Il y a des raisons objectives ou historiques à cela : c'est le discrédit dans lequel est tombée en France l'université du XVIe au XVIIIe siècle. Les vraies recherches se sont faites hors de l'université - en physique, en chimie, en archéologie, dans les cabinets de curiosité ou de physique. Le Collège de France, puis les académies (française, des beaux-arts, de danse, etc.) ont été fondées à côté de l'université et par défiance vis-à-vis de cette institution, tenue pour sclérosée. Les révolutionnaires ont pris acte de cela, quand ils ont retiré aux universités (alors privées et dépendant indirectement de l'Eglise) leurs moyens de vivre, en nationalisant leurs biens, et en fondant des "écoles" (X, normale supérieure) pour former, hors de l'université, les futurs cadres de l'Etat, puis de la république. Les lois Fontanes de 1806 et 1808 ont reconstitué un embryon d'université, en en faisant des institutions de l'Etat - c'est-à-dire en les soumettant à une administration.

De toutes les universités d'autrefois, les seules qui aient conservé un peu de leur prestige ancien sont celles où est enseignée la médecine. Ce sont aussi les seules où le titre de docteur est toujours en usage. Le titre s'est spécialisé comme appellatif des médecins et il est même employé à la place du nom "médecin" ("appelez un docteur", "le docteur a dit que...").
23 novembre 2009, 13:28   Docteur mais ingénieur
Bien cher JGL,


Je vous remercie pour ces informations très pertinentes. Pour aller tout à fait dans votre sens, je précise que le docteur d'Etat auquel je faisais allusion n'est pas de formation universitaire, mais est polytechnicien.
23 novembre 2009, 13:33   Pascal et l'honnête homme
Connaissez-vous, bien cher Alain, cette lettre que Pascal écrivit à Fermat à propos du chevalier de Méré :

Je n'ai pas eu le temps de vous envoyer la démonstration d'une difficulté qui étonnait fort M. de Méré, car il a très bon esprit, mais il n'est pas géomètre (c'est, comme vous savez, un grand défaut) et même il ne comprend pas qu'une ligne mathématique soit divisible à l'infini et croit fort bien entendre qu'elle est composée de points en nombre fini, et je n'ai jamais pu l'en tirer.
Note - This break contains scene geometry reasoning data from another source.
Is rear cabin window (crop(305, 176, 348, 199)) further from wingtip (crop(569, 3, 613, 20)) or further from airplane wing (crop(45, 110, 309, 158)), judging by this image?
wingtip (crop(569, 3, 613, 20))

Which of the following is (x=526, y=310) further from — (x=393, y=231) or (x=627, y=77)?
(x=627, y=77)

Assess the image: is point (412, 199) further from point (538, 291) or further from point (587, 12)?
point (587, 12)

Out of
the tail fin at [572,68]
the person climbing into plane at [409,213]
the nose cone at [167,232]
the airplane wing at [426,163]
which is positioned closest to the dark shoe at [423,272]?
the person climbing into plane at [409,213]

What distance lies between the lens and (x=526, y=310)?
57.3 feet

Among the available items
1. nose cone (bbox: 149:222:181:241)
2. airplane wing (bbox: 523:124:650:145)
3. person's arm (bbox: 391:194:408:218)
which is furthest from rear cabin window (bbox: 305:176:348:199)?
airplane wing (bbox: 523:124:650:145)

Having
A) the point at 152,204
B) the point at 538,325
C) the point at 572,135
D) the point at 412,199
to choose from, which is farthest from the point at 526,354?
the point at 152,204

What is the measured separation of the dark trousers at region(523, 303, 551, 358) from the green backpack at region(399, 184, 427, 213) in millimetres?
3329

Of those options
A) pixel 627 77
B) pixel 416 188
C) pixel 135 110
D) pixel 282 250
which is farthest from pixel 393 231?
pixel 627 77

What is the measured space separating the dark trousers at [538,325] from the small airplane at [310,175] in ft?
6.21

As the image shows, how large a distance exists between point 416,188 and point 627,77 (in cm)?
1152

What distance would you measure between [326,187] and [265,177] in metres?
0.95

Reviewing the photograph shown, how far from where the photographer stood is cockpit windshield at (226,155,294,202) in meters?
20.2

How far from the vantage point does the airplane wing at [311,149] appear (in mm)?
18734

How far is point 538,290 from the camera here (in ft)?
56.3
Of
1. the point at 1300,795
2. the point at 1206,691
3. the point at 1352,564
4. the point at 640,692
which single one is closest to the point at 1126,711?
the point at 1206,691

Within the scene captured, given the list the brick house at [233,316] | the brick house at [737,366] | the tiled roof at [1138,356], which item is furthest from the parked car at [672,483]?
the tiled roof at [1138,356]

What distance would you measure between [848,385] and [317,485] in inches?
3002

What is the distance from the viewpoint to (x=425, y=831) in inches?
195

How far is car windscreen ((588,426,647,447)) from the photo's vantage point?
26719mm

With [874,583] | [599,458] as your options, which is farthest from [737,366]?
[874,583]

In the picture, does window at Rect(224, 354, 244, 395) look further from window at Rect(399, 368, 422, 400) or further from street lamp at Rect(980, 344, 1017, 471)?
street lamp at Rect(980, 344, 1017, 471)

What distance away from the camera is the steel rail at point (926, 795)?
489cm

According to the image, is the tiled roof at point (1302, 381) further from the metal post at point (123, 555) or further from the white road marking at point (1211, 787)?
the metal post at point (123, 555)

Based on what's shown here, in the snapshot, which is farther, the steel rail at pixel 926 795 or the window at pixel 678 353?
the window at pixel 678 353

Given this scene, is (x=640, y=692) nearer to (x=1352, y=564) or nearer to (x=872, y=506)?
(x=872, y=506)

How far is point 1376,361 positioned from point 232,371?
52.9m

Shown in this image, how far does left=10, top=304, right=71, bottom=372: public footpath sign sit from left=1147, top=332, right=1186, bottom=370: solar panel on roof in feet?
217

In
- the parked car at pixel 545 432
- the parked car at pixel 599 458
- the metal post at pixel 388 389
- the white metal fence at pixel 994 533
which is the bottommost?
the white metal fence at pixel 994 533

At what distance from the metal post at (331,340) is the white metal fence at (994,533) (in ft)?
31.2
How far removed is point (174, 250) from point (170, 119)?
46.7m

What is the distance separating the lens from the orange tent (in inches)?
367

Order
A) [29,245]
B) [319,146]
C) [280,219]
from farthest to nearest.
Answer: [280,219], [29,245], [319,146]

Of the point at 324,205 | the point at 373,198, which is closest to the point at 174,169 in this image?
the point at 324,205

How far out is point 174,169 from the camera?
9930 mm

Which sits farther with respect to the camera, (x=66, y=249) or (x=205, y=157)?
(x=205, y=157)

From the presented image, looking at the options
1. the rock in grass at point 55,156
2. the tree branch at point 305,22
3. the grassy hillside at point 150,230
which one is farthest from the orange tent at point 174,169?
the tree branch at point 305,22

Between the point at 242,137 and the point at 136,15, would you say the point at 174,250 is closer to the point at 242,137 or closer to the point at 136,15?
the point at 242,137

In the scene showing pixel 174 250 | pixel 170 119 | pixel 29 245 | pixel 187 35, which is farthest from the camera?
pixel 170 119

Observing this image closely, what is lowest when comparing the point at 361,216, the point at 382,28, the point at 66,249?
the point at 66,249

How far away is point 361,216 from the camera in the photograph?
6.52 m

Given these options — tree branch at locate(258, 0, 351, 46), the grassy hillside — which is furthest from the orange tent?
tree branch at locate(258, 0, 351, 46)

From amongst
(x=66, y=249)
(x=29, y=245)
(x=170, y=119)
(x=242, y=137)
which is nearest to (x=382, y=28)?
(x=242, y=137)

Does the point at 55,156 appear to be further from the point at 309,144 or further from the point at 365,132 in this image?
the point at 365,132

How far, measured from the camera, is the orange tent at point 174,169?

Si vous pouviez le faire, on le rendrait parfait.

Il me disait donc qu'il avait trouvé fausseté dans les nombres par cette raison :

Si on entreprend de faire un six avec un dé, il y a avantage de l'entreprendre en 4, comme de 671 à 625.

Si on entreprend de faire Sonnez avec deux dés, il y a désavantage de l'entreprendre en 24.
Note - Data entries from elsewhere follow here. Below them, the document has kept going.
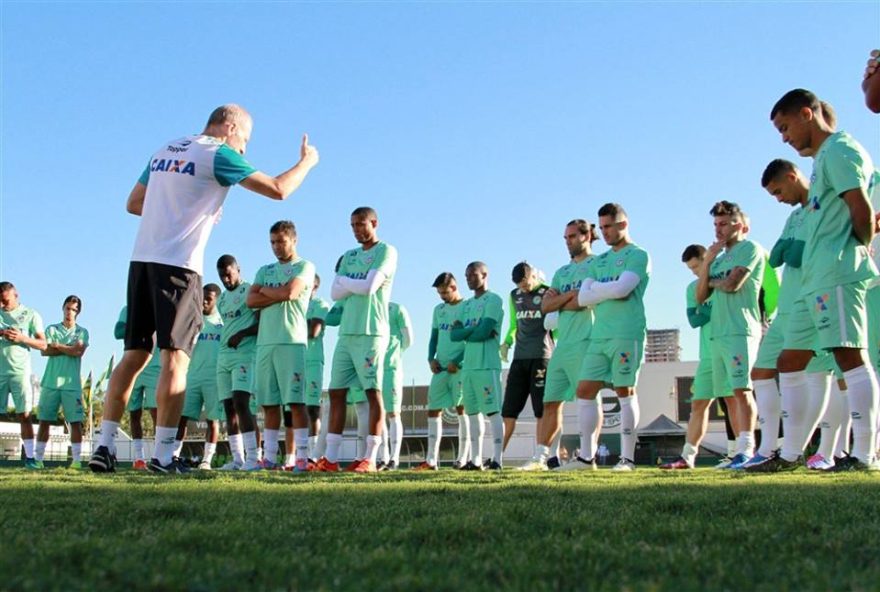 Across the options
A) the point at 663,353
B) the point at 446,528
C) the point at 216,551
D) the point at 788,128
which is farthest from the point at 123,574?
the point at 663,353

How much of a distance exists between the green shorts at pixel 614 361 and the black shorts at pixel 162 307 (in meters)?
4.06

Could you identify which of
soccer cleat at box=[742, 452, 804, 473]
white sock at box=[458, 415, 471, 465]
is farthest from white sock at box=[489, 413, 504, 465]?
soccer cleat at box=[742, 452, 804, 473]

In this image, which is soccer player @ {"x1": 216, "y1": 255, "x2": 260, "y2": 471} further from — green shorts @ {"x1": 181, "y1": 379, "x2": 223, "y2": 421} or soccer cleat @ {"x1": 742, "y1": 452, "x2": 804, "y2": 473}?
soccer cleat @ {"x1": 742, "y1": 452, "x2": 804, "y2": 473}

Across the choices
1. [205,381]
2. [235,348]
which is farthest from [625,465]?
[205,381]

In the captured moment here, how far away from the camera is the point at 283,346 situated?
31.5 feet

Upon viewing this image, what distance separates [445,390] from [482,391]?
1.28 meters

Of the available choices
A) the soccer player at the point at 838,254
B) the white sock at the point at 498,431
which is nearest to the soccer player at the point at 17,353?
the white sock at the point at 498,431

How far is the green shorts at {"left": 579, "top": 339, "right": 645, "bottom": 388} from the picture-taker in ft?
28.3

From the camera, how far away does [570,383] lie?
9477 mm

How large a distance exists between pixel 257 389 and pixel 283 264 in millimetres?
1437

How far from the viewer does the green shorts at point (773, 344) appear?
7.53 metres

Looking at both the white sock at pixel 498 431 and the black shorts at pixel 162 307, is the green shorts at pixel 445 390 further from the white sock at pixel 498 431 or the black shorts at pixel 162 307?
the black shorts at pixel 162 307

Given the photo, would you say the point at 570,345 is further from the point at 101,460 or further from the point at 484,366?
the point at 101,460

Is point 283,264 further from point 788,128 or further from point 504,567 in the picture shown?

Et néanmoins 24 est à 36 (qui est le nombre des faces de deux dés) comme 4 à 6 (qui est le nombre des faces d'un dé).

Voilà quel était son grand scandale qui lui faisait dire hautement que les propositions n'étaient pas constantes et que l'arithmétique se démentait : mais vous en verrez bien aisément la raison par les principes où vous êtes.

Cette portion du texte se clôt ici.